DATA PROVIDED START

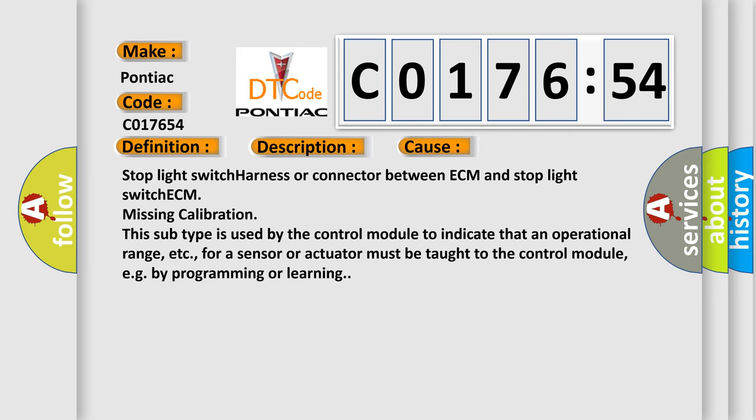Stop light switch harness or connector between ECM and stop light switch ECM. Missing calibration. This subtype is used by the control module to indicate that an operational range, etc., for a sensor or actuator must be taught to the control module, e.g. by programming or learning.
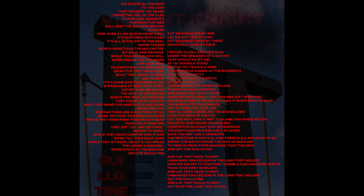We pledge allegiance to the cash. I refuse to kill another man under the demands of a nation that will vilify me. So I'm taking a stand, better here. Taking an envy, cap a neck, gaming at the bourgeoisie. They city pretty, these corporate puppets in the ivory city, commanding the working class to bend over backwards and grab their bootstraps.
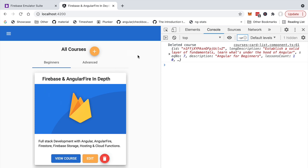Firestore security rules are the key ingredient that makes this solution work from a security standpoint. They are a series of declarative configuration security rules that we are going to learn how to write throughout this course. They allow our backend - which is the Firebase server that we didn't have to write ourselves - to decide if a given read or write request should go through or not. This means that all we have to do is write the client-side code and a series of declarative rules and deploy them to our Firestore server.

DATA PROVIDED END

- **DIRECTIONS**
Give back every line of the material above word for word, leaving out the pictures.

- **SOLUTION TO THIS PROBLEM**
Stop light switch harness or connector between ECM and stop light switch ECM. Missing calibration. This subtype is used by the control module to indicate that an operational range, etc., for a sensor or actuator must be taught to the control module, e.g. by programming or learning.
We pledge allegiance to the cash. I refuse to kill another man under the demands of a nation that will vilify me. So I'm taking a stand, better here. Taking an envy, cap a neck, gaming at the bourgeoisie. They city pretty, these corporate puppets in the ivory city, commanding the working class to bend over backwards and grab their bootstraps.
Firestore security rules are the key ingredient that makes this solution work from a security standpoint. They are a series of declarative configuration security rules that we are going to learn how to write throughout this course. They allow our backend - which is the Firebase server that we didn't have to write ourselves - to decide if a given read or write request should go through or not. This means that all we have to do is write the client-side code and a series of declarative rules and deploy them to our Firestore server.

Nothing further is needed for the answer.